Date(s) - 20 Oct 2019
1:30 PM - 5:00 PM
Make your own healthy and delicious fermented foods, sauces and Kombucha drinks with Peggy Beer from Eldertree, a local business specialising in fermented foods.
Learn how to turn cabbage into Sauerkraut and using produce from your garden make tasty fermented vegetables and sauces.
Learn how to make Kombucha and go home with a Kombucha mother to make your own delicious Kombucha-lemonade. A super healthy alternative to fizzy drinks.
This fermented foods workshop is split into 2 parts. In the first part we will learn how to make Kombucha and how to do a first and second ferment. We will talk about lacto-fermentation and explore and taste a variety of different fermented products from around the world.
In the second part we will get practical. Please bring your own knives, cutting boards and storage containers to take your Kombucha and your started ferments home in and let the bacteria do their work, as well as the vegetables you would like to ferment (cabbage is usually a good one for a first go).
Peggy will provide salt, spices and knowledge on how to do it. There will be the possibility of having a go at making your own sauerkraut (fermented cabbage), as well as fermenting other vegetables, making kimchi, fermented chilli sauce and fermented chutney.
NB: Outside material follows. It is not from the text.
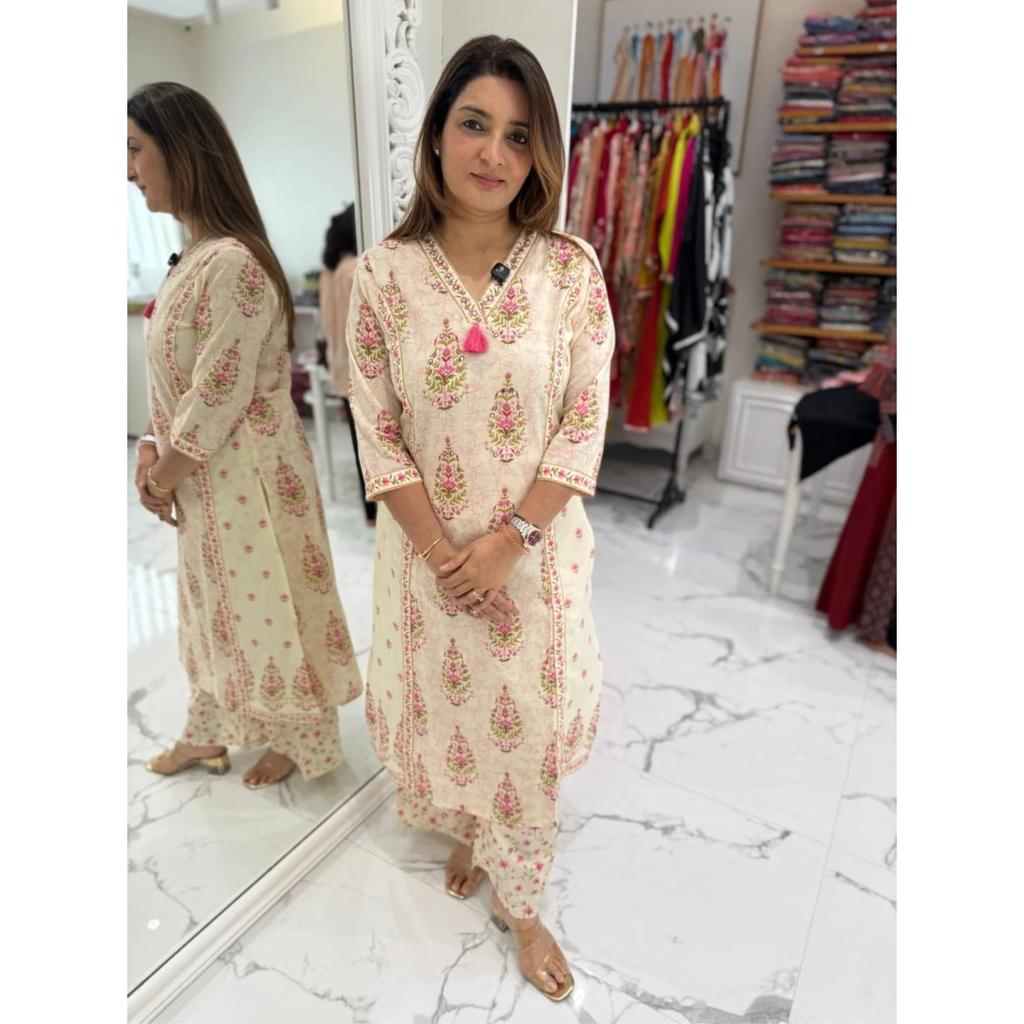 Hand Block Printed Pure Cotton Salwar Suit Indian Women's Kurti Pant Dupatta Set
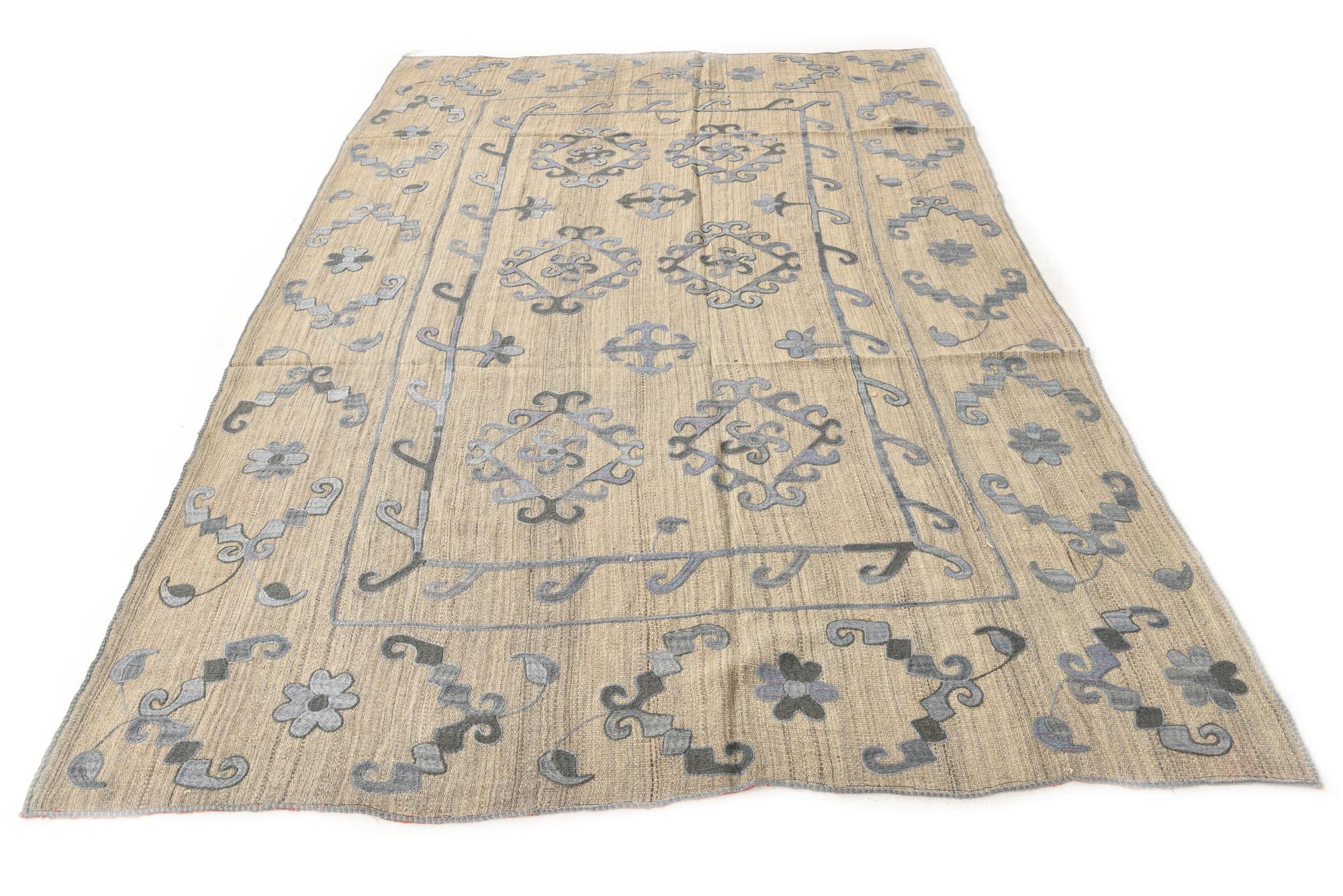 6' 8 x 9' 5 Hand Woven Kilim Modern Wool Rug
If you are interested in any specific recipe please get in contact with Peggy beforehand and she can give advice on what ingredients to bring on the day.
The Origins of Fermenting Foods
Lacto-fermentation or wild fermentation is an old way to preserve a variety of fruit and vegetables, milk, grains, meads, wines, ciders, beers, beans seeds etc. Archaeological evidence suggests our forefathers would have consumed large numbers of live lactic acid bacteria. The origin of lacto-fermentation lies in the days with no freezers, it was done to preserve food over the winter.
Lactic-acid-producing bacteria are crucial for a well-balanced digestive system. And a well-balanced digestive system supports the rest of the body in getting all the nutrients it needs to work well.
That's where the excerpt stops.